Early identification of ASD is crucial in beginning the appropriate intervention. Dr. Sally Rogers presented findings from her landmark long-term study of siblings of ASD individuals, some of whom develop ASD themselves. She discussed how atypical behaviors suggestive of ASD can be observed even in infants less than a year old, challenging the notion that the onset of symptoms is around 1 ½ to 2 years. Adolescents and adults, on the other hand, can have more subtle behavioral features. Thus, information about ASD individuals in these older age groups has to be gathered from different settings using different measurement tools, as discussed by Dr. Gary Mesibov.


From the extensive discussion of ASD behaviors on Day 1, the conference then proceeded to a discussion of their possible roots in genetics and brain structure. Dr. Brett Abrahams discussed the discovery and significance of a genetic mutation in some cases of ASD, although he reiterated that such genetic markers are yet to be fully understood. Dr. David Amaral’s lecture on the neurobiology of autism provided updated evidence of atypical brain structure and function, strengthening the idea that ASD is brain-based.
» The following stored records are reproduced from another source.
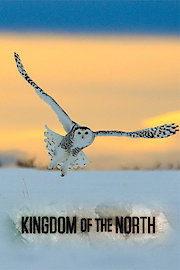 Kingdom of the North poster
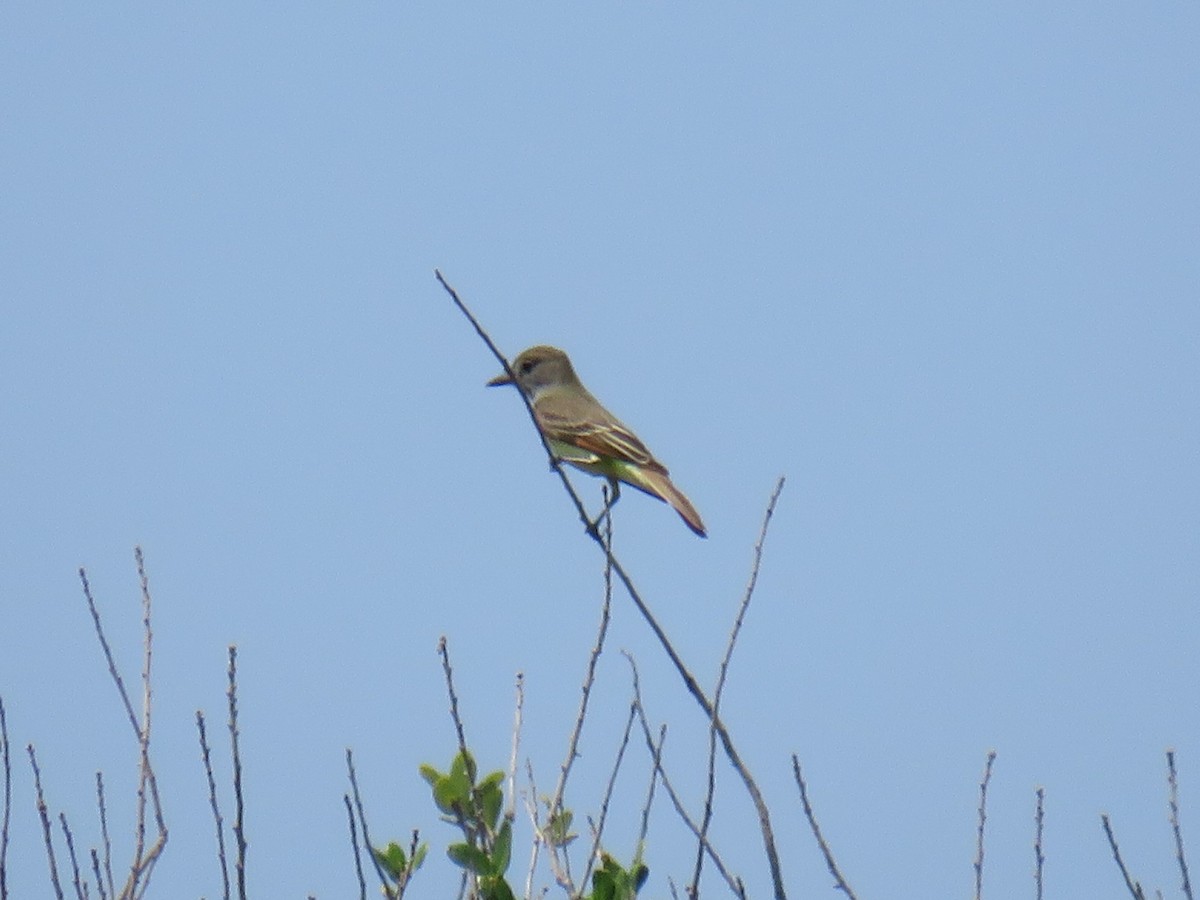 Great Crested Flycatcher - ML222683501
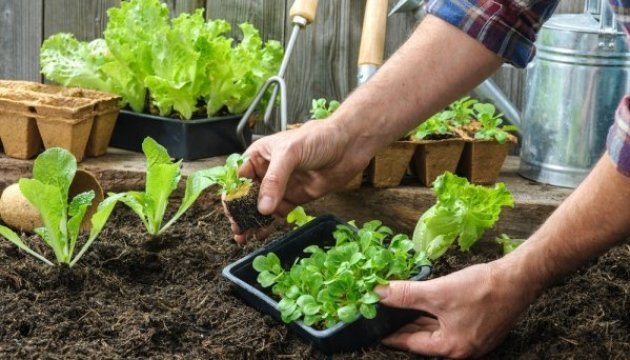 Desde el principio del año Ucrania ha aumentado el volumen de las exportaciones agrícolas en casi un 40%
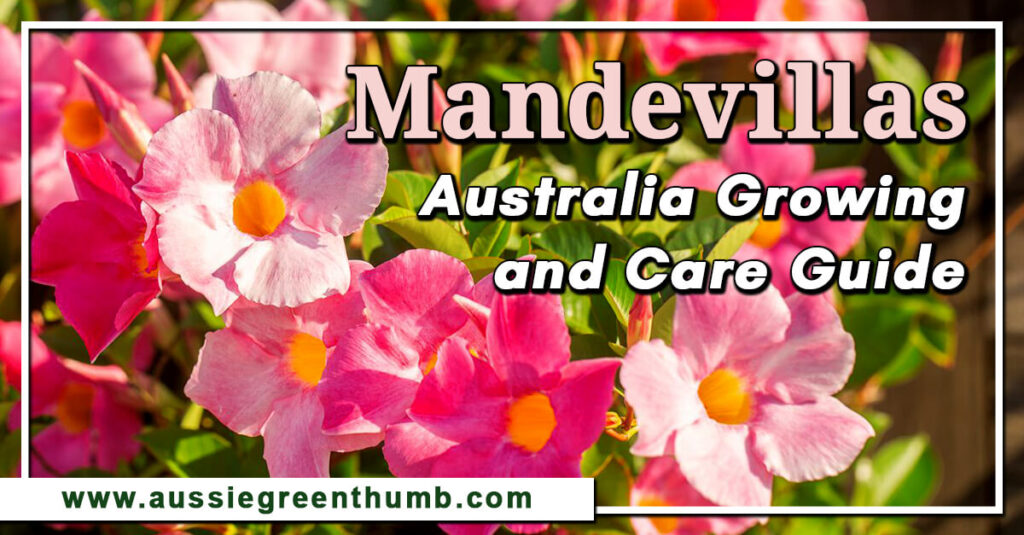 Mandevillas Australia Growing and Care Guide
He also discussed the increasingly popular notion that immunologic dysfunction, such as the formation of maternal antibodies during pregnancy against a baby’s brain, is associated with changes in brain development.


A lecture on language development in autism by Dr. Helen Tager-Flusberg likewise provided evidence of differences in brain structure among those with the language impairments commonly seen in ASD. The greatest implication of these genetic and neurobiologic studies is that if we pinpoint the cause of ASD, we might be able to develop a cure for this condition. However, it has become increasingly apparent from these studies that the cause can be as varied as the spectrum of manifestations in ASD. This inherent heterogeneity among individuals diagnosed to have this condition contribute to difficulties in making strong scientific conclusions about its nature. Indeed, there is a need for more community-wide studies on autism. Dr. Young-Shin Kim demonstrated the impact of conducting an epidemiologic study in one’s own country.


Day 3 of the conference saw the discussion of the remaining link in the chain of events in ASD-- cognitive processing. Dr. Peter Mundy presented how the lack of joint attention in a young child with ASD leads to a different way of processing the information he gathers from people and things around him. Dr. Nirit Bauminger likewise discussed how the processing of social information can be problematic for ASD individuals.


Having armed the conference participants with extensive knowledge of the what, why and how of ASD, the program then proceeded to discussions on what can be done for individuals with this condition. Interventions currently proven to be the most widely effective were presented at length. Dr. Laura Schreibman discussed the principles and strategies of behavioral management, while Dr. Bauminger gave details of social skills training. The conference then concluded with an interactive discussion with the representatives of Autism Speaks: Dr. Andy Shih, Mr. Michael Rosanoff and Ms. Dana Marnane. The purpose of the interactive session was to launch the Global Autism Public Health Initiative (GAPH) in the Philippines. The GAPH is an international advocacy effort aiming to increase awareness, facilitate research and improve services for autism in each collaborating country using strategies tailored for the local setting.


Participants in the International Autism Conference went home armed with a better understanding of the complex nature of autism. Although there is so much more that needs to be discovered and understood, we can find peace and hope in the knowledge that the continued collaboration of people from different walks of life will surely help us in finding soon the answers that we need.